ルールのないところでは判断に外部的なモノサシを使うことはできません。「美意識」という内部的なモノサシを求めるしかありません。
そこで、真・善・美を追求することとなり、哲学を学ぶ意義がでてきます。
著者は「哲学から得られる学び」を3つあげています。
1.コンテンツからの学び
2.プロセスからの学び
3.モードからの学び
「コンテンツというのは、その哲学者が主張した内容そのものを意味します。次にプロセスというのは、そのコンテンツを生み出すに至った気づきと思考の過程ということです。そして最後のモードとは、その哲学者自身の世界や社会への向き合い方や姿勢ということです」(p.232)。
そして、「現代社会を生きるエリートが、哲学を学ぶことの意味合いのほとんどが、実は過去の哲学者たちの「1.コンテンツからの学び」ではなく、むしろ「2.プロセスからの学び」や「3.モードからの学び」にある」(p235)と主張しています。確かに、アリストテレスの『政治学』を「何が」ではなく「何故」の観点で読んでいる自分の読書のあり方を考えても納得できるものです。
著者はさらに「美意識」を鍛えるために絵画をみること、文学を読むことをあげています。絵画を虚心に読み取る話はThink!でそういう手法の紹介がデザイン思考の時にあったことを思い出しました。現代哲学は専門化が進んだため読むことはできませんが、文学は真・善・美を「物語りの体裁をとって考察してきた」ものなのでそういう読み方はできると思います。詩のメタファーはリーダーのコミュニケーションに役立つといっています。レトリックは使い方次第ですが、戦争プロパガンダの研究を思い出したりしました。
さて、「美意識」を鍛えるために詩を読んできたわけではありませんが、レトリックには注意してこれからも詩や歌を楽しもうと思うのでした。
注)Think!はBPIAの研究会のひとつで、組織・人材開発コンサルタントの渡邉信光講師が、デジタル思考やアート思考をテーマに体験学習をしてきました。近年は新実在論をアクションリーディングで取り上げるなど、ビジネス人に哲学を学ぶことの重要性を説いています。
注)アンヌ・モレリ著、永田千奈訳『戦争プロパガンダ10の法則』(思想社、2002年)を本棚で探してみたが見当たらなかった。
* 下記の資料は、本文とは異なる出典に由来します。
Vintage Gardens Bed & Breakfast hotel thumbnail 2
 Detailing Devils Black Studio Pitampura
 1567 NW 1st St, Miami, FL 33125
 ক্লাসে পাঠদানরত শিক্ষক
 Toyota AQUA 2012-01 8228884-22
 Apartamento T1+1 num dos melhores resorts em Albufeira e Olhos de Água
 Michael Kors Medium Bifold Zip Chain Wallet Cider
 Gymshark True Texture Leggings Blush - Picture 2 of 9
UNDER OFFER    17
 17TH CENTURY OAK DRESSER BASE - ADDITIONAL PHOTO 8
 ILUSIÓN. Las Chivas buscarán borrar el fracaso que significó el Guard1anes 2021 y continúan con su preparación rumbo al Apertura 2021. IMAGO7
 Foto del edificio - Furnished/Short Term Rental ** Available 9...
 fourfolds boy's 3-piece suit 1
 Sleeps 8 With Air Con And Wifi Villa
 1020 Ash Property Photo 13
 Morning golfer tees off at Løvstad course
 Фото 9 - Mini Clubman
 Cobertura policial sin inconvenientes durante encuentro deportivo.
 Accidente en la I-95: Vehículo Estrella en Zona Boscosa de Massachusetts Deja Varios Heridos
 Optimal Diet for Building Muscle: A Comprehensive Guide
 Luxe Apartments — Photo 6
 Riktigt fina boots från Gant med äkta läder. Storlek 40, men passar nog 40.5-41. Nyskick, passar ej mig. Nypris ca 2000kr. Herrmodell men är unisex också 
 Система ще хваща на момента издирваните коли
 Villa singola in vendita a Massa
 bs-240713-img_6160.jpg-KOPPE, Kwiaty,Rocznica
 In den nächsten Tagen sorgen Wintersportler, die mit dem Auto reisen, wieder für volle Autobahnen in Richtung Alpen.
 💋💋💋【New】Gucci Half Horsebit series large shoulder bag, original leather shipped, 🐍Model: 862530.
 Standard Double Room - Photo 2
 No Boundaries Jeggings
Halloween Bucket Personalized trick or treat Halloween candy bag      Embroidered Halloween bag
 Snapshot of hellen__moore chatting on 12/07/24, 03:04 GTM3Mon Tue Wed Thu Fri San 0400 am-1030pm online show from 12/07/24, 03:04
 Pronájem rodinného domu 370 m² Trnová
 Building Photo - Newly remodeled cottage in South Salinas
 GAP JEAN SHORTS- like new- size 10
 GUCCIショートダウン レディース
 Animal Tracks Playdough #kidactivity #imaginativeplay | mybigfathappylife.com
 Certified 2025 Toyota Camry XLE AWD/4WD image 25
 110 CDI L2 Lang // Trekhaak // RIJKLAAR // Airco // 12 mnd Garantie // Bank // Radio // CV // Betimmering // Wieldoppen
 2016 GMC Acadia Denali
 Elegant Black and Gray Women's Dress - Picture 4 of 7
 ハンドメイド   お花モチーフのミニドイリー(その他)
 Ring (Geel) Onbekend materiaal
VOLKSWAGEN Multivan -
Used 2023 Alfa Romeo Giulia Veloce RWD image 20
注)『独学の思考法』(講談社現代新書、2022年)で山野弘樹氏はメタファーとアナロジーといつた技法について触れていた。「メタファー」は「自己を理解してもらうための図解の技法」として、そして「アナロジー」を「他者を理解するための図解の技法」として解説していた(第八章「他者に合わせた「イメージ」を用いる(kindle版のためページがない)。